Friday, 27 June 2014

Monetary policymakers as boyfriends

An MP who is a member of the Treasury Select Committee has described the Bank of England as an unreliable boyfriend: “one day hot, one day cold". City economists make similar complaints. The same is frequently said in the US about supposed Fed communication failures. Are these complaints justified?

In judging whether a central bank is really ‘blowing hot and cold’, we need to distinguish between public information about the economy on the one hand, and how policymakers will behave given new information on the other (in technical terms, their ‘reactions functions’). If you start flirting with your boyfriend’s best mate, you should not be surprised if he starts going a little cold. If, on the other hand, he had been attentive and considerate until the World Cup started, since when you have been completely ignored, you have probably learnt something about him that you did not know before.

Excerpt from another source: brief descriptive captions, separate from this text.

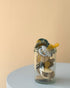 Glass jar filled with BIBS pacifiers in mixed colours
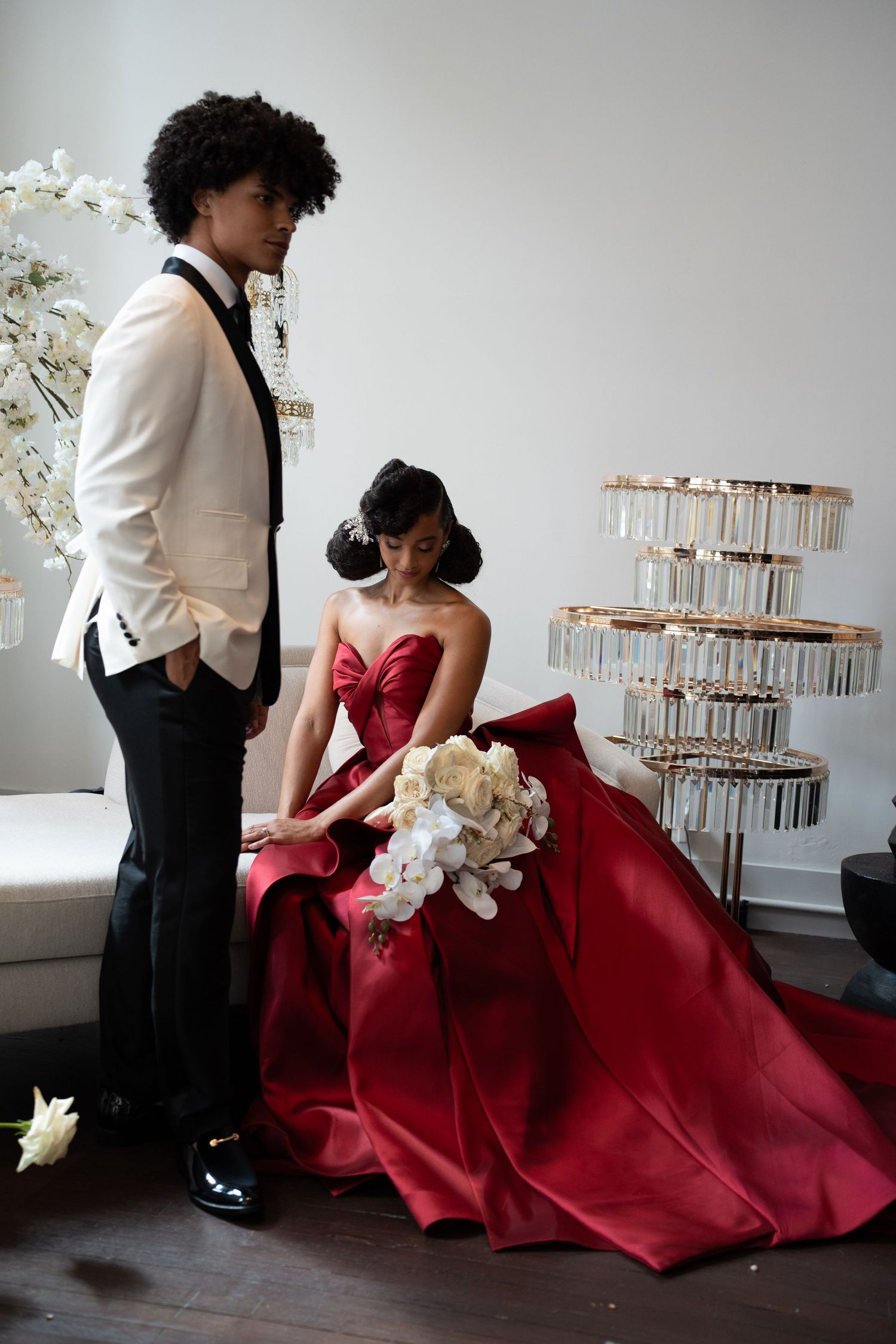 Bride in dramatic red ball gown holding white orchid bouquet seated while groom in white tuxedo stands nearby.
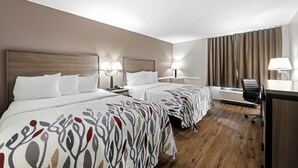 A hotel room with two beds, a desk, and a chair. - Red Roof Inn Gurnee - Waukegan (Waukegan)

The problem is that we cannot know for sure how each MPC or FOMC member will react to new bits of data as they emerge. So when Mark Carney in his Mansion House speech said “There’s already great speculation about the exact timing of the first rate hike and this decision is becoming more balanced.” he could have just been reflecting the fact that recent data had been surprisingly strong. As everyone had seen this data, there was no useful additional information in that statement.

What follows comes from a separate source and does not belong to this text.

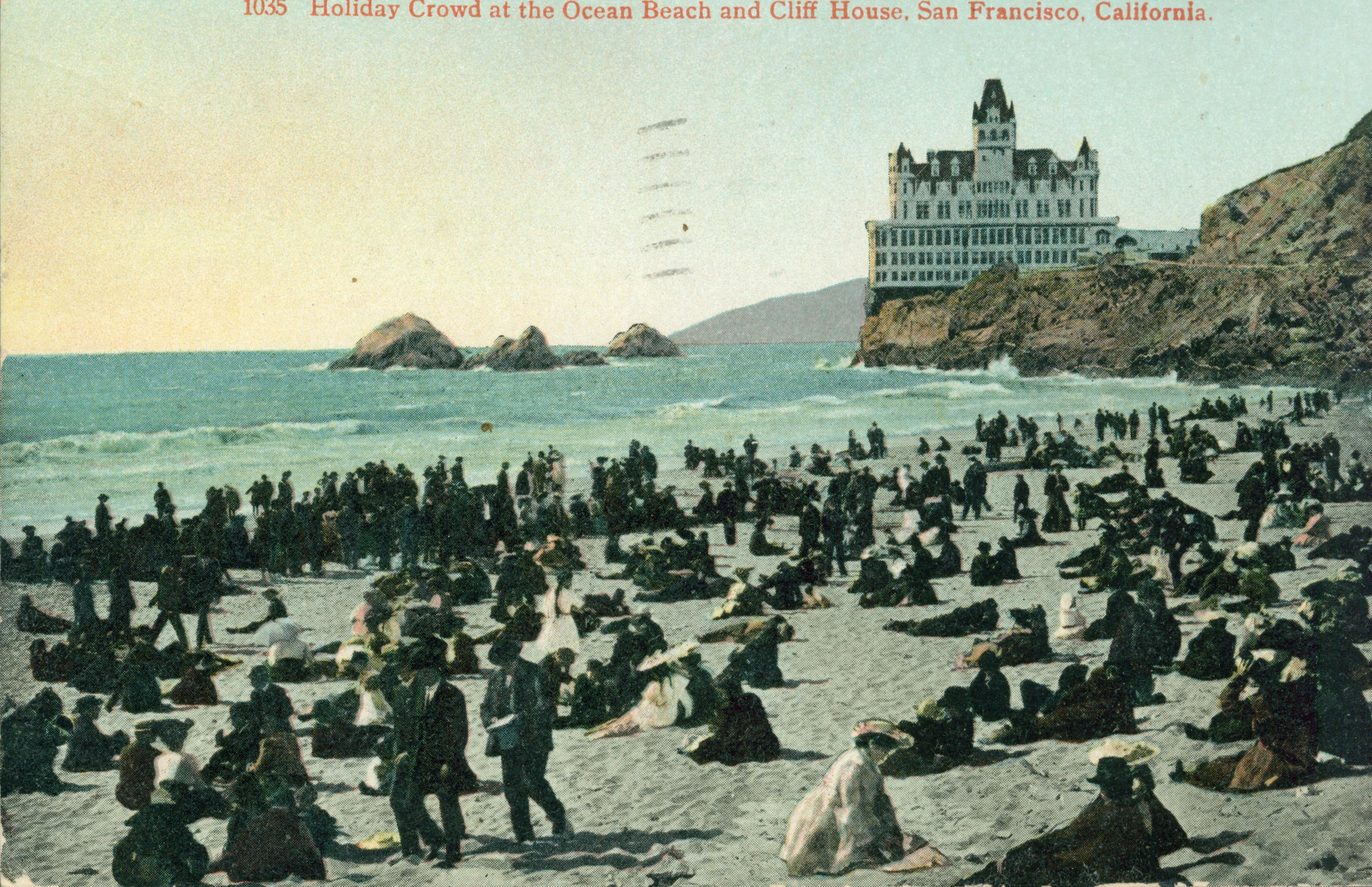 Shows the Cliff House and Seal Rocks with a large number of onlookers on the beach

However he went on to say “It could happen sooner than markets currently expect.” The intent of that statement is clear. For some reason markets had not reacted to this recent data (and therefore advanced their expectations about when the first rate increase would occur) in the way Mark Carney or the MPC as a whole had done. So they had got the Bank’s reaction function wrong, and Carney was telling them so.

This is why the market reacted strongly to Carney’s speech, and Carney intended them to do so. The trick was to reference something tangible - the market’s forecast for when interest rates were likely to rise. But this raises an obvious question. If part of the Bank’s communications strategy is to make comments about market forecasts of interest rates, wouldn’t it be both clearer and more efficient to have the Bank’s own forecast about interest rates. This is a point that ex-Bank economist Tony Yates makes here.

I have argued for this for some time (e.g. here, para 105), and was therefore enthusiastic when the Fed started to publish rate forecasts just after I started this blog. The idea is obviously not to commit the central bank to some path: a forecast is a forecast. Nor is the idea that the central bank somehow knows more about the data than the market, or that its ability to forecast is better. What publishing a forecast allows the market to do is get a better idea of character of their ‘boyfriend’. (It also allows the public to check that their boyfriend is not being time inconsistent, as I also explain here.)

It is only a matter of time before the Bank of England does this, and continues in its tradition of following the Fed. One interesting question of detail remains, however. Should the Bank publish a single forecast, or follow the Fed and publish the forecasts of each MPC member? (I give an example of the FOMC ‘blue dots’ in this post.) There are arguments for both. The Bank publishes a forecast for inflation and other aspects of the economy, but only on the basis of market guesses of future rates. It would be much more efficient and informative to publish forecasts based on the Bank’s best guess about the future path of interest rates.

The problem with having just one forecast is illustrated by the Carney speech. Was Carney at the time giving his view, or the view of the MPC? If the latter, how unanimous was that view? If subsequently a member of the MPC says something different, is that consistent with the majority view or a change? This problem becomes particularly acute when new MPC members replace old. Questions such as these can only be answered if individual MPC members give their own personal forecasts, as FOMC members currently do but with, in addition, their names attached.

When it comes to monetary policy, we have not one but many ‘boyfriends’. Now boyfriends can get annoyed if you keep asking them ‘what are you thinking’, but in this case we do rely on them (and pay them) rather a lot, so I think we are entitled to know.